Output exactly the lines below, starting with the line that has "Milanese loop bandje" and going on through the line that has "Discovery Full Stack", both included, and no other lines.

-- Opening Marker --

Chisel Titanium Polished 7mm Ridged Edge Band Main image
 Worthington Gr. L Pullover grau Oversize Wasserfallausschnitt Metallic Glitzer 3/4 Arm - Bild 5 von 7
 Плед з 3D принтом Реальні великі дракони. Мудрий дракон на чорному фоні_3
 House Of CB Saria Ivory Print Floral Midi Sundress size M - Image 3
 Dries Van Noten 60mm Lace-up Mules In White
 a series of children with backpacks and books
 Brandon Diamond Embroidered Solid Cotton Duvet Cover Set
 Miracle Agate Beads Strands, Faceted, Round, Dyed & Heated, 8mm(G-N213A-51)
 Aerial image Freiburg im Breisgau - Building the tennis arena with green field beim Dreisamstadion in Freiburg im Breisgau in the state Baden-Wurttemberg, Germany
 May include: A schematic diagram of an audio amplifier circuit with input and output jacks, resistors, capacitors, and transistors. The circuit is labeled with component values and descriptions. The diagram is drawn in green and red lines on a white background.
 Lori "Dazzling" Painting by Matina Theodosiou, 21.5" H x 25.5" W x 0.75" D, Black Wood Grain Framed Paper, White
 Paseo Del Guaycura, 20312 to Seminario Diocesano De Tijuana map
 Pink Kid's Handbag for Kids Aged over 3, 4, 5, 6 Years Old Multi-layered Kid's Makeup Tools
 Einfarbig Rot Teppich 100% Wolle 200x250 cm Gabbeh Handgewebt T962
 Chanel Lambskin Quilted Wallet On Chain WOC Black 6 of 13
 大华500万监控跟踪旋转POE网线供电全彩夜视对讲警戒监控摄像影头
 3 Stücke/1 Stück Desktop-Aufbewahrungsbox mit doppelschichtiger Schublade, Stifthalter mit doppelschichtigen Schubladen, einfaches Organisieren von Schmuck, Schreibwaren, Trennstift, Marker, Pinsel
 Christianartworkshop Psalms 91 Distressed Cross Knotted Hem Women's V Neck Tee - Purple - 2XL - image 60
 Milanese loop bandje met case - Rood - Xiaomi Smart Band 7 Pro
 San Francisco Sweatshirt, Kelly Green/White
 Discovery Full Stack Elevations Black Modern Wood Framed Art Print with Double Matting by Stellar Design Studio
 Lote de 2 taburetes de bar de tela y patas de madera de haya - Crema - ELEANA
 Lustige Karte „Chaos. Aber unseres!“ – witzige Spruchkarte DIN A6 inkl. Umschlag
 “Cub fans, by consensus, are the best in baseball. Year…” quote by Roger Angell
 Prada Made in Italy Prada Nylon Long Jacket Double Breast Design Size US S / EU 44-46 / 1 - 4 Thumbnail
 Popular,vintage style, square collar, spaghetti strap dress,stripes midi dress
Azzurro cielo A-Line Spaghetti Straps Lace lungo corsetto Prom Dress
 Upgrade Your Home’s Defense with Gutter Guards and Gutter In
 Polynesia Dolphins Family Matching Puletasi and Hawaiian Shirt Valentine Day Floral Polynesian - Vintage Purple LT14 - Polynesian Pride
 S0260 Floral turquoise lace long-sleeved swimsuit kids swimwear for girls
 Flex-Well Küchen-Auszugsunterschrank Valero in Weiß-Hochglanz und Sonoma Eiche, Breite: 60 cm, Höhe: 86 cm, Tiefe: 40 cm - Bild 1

-- Closing Marker --

> [Output of the exercise]
 Milanese loop bandje met case - Rood - Xiaomi Smart Band 7 Pro
 San Francisco Sweatshirt, Kelly Green/White
 Discovery Full Stack Elevations Black Modern Wood Framed Art Print with Double Matting by Stellar Design Studio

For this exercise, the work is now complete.